::: Record extracts

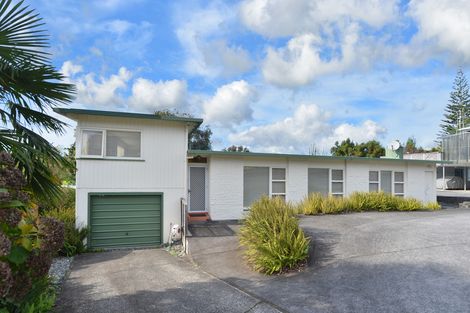Photo of property in 12 Rugby Place, Te Kamo, Whangarei, 0112
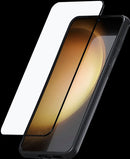 Screen Protector Clear | 06360532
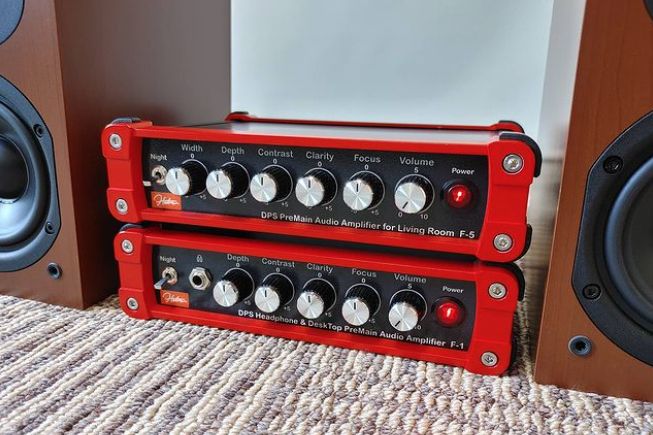 NeotenicSound「TriStar」× 小さいふ - 小さい財布の小さいふ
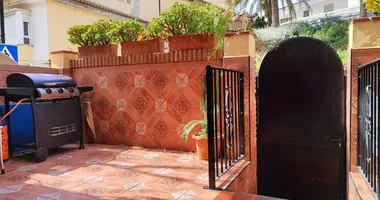 Casa 4 habitaciones en Mijas, Španjolska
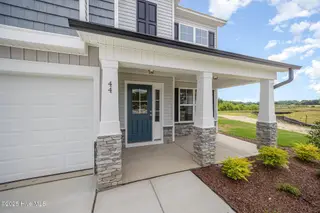 44 Chloe Court, Selma, NC 27576 – photo 4: 44 Chloe Ct 4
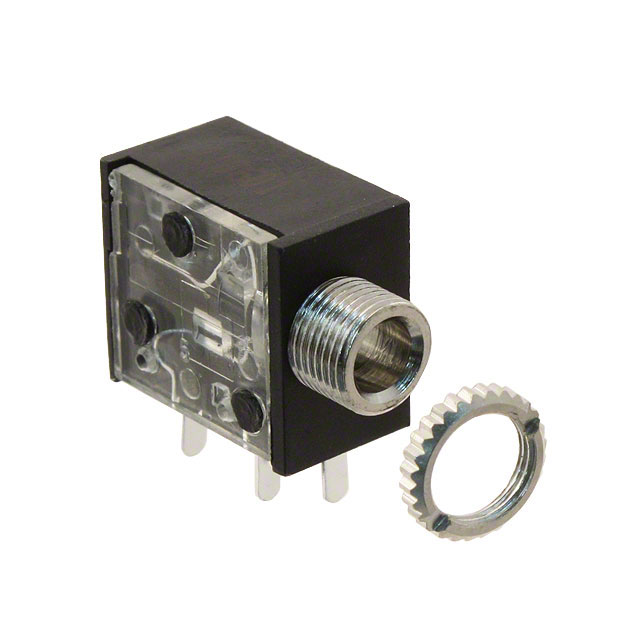 Picture of 35RAPC3BV4  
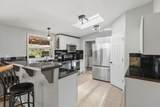 12188 Horny Hollow Trail - Photo 6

::::::

◆ What the task requires ◆
After locating the line that contains "Casa 4 habitaciones en Mijas, Španjolska", output it and all later lines through the end of the material exactly, leaving out pictures.

◆ Task response ◆
 Casa 4 habitaciones en Mijas, Španjolska
 44 Chloe Court, Selma, NC 27576 – photo 4: 44 Chloe Ct 4
 Picture of 35RAPC3BV4  
 12188 Horny Hollow Trail - Photo 6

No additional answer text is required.